## TASK OBJECTIVE
Count the lines below that contain the word "Mens", and report only that number.

## MATERIALS PROVIDED

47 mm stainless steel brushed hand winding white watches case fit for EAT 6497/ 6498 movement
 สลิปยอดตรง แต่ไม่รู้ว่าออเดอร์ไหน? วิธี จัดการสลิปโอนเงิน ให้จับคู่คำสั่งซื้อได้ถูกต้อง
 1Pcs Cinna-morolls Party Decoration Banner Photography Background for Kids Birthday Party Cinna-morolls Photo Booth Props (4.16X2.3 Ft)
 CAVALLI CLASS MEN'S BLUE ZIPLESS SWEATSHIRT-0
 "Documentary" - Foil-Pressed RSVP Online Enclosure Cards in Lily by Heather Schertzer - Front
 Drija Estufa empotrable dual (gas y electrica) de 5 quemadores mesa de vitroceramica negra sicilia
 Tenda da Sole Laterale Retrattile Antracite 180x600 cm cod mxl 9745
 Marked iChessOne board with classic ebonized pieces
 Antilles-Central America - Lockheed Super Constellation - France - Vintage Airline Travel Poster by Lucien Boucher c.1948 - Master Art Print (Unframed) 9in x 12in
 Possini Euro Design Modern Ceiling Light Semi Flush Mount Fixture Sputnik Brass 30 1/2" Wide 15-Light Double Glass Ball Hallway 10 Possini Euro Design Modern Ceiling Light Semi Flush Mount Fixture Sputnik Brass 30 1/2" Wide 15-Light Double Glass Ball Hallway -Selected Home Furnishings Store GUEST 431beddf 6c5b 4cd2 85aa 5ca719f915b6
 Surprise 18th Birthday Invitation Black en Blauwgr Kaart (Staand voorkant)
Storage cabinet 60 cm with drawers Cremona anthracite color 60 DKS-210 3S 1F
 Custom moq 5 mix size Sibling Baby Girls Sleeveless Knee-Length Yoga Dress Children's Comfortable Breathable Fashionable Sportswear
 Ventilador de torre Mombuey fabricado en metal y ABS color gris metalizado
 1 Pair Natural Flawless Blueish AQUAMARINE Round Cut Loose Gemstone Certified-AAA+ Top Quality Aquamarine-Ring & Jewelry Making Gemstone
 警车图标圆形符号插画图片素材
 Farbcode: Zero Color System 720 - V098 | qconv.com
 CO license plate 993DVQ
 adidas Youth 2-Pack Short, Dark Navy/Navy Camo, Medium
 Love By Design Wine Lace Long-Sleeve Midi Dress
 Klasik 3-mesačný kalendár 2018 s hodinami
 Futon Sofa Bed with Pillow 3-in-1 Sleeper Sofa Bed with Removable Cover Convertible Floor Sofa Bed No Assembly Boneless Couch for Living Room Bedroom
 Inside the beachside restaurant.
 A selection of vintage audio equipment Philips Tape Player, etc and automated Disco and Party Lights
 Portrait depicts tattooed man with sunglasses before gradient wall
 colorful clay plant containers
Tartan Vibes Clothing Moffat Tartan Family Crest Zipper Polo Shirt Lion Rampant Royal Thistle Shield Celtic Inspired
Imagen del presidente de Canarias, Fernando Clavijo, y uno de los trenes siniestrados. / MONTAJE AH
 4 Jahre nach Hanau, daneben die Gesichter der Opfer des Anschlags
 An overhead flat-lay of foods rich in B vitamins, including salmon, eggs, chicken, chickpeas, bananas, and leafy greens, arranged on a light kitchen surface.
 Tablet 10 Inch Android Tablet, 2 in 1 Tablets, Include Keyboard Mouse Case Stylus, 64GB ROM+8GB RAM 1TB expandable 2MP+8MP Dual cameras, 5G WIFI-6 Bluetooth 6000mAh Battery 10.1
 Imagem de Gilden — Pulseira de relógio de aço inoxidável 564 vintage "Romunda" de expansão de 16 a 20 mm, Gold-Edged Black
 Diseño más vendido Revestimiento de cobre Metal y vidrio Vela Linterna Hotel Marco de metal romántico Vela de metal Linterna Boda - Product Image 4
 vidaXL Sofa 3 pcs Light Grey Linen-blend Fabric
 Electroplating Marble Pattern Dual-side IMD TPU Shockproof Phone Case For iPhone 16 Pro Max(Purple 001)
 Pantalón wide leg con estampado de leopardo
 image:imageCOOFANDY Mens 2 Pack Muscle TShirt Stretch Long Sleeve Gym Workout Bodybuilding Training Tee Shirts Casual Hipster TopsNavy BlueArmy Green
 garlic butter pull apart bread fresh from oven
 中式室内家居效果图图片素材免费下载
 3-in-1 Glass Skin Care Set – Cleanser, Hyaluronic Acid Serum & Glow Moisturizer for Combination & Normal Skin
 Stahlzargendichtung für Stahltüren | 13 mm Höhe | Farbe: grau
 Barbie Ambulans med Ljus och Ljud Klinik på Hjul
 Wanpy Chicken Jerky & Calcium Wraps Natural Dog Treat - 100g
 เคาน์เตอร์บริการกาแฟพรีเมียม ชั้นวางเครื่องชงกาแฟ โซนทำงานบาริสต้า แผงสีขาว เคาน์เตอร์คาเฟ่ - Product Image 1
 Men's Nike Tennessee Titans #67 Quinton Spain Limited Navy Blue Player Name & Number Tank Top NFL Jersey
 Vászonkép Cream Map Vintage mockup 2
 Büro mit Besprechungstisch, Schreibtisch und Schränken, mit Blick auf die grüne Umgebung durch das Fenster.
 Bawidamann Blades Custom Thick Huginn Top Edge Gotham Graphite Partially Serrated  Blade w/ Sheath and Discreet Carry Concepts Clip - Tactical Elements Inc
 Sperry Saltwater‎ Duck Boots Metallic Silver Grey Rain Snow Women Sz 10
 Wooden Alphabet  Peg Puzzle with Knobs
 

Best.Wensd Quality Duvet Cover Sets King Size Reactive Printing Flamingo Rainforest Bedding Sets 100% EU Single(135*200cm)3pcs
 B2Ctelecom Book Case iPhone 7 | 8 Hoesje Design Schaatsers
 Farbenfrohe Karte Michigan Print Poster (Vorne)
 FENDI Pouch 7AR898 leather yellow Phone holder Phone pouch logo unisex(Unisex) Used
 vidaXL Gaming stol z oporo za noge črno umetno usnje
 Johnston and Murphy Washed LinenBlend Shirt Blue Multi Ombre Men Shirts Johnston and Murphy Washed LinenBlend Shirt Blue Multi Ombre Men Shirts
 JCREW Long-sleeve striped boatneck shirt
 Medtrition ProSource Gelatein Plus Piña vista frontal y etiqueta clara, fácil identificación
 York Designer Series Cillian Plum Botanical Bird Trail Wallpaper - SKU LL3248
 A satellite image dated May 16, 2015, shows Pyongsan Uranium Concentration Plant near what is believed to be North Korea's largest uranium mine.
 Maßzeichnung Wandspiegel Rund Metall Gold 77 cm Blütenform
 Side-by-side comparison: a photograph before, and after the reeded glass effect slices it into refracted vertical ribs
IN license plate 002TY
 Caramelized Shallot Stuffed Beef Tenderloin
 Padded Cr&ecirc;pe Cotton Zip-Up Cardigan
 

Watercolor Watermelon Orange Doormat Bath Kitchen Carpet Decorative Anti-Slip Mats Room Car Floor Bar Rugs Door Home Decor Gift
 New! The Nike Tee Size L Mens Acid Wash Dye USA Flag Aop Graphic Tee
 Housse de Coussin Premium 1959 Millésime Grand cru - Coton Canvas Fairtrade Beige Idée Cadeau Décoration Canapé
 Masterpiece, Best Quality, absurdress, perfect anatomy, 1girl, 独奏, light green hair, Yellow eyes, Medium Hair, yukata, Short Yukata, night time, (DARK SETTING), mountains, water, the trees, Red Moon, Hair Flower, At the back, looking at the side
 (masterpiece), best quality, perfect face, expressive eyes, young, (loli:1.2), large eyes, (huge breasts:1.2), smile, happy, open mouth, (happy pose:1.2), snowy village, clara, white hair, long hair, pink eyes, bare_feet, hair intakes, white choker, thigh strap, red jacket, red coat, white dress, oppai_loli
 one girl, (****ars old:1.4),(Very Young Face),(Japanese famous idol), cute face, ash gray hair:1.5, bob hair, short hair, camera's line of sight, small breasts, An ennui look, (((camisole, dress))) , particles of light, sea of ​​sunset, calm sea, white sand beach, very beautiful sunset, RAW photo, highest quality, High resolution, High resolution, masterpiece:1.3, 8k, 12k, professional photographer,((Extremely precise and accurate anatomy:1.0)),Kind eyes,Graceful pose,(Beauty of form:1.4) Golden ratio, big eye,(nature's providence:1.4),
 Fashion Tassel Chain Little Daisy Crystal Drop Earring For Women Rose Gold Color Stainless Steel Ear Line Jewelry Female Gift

## ANSWER TO THIS EXERCISE
2